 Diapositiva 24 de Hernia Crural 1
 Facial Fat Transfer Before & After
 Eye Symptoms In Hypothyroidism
==
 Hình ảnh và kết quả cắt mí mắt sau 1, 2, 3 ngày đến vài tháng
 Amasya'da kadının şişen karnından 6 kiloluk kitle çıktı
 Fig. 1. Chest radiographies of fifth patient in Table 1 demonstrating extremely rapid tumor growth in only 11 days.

# What is expected:
Give again exactly, and only, the lines above starting at the one with "Facial Fat Transfer Before & After" and ending at the one with "Eye Symptoms In Hypothyroidism".

# Written answer:
 Facial Fat Transfer Before & After
 Eye Symptoms In Hypothyroidism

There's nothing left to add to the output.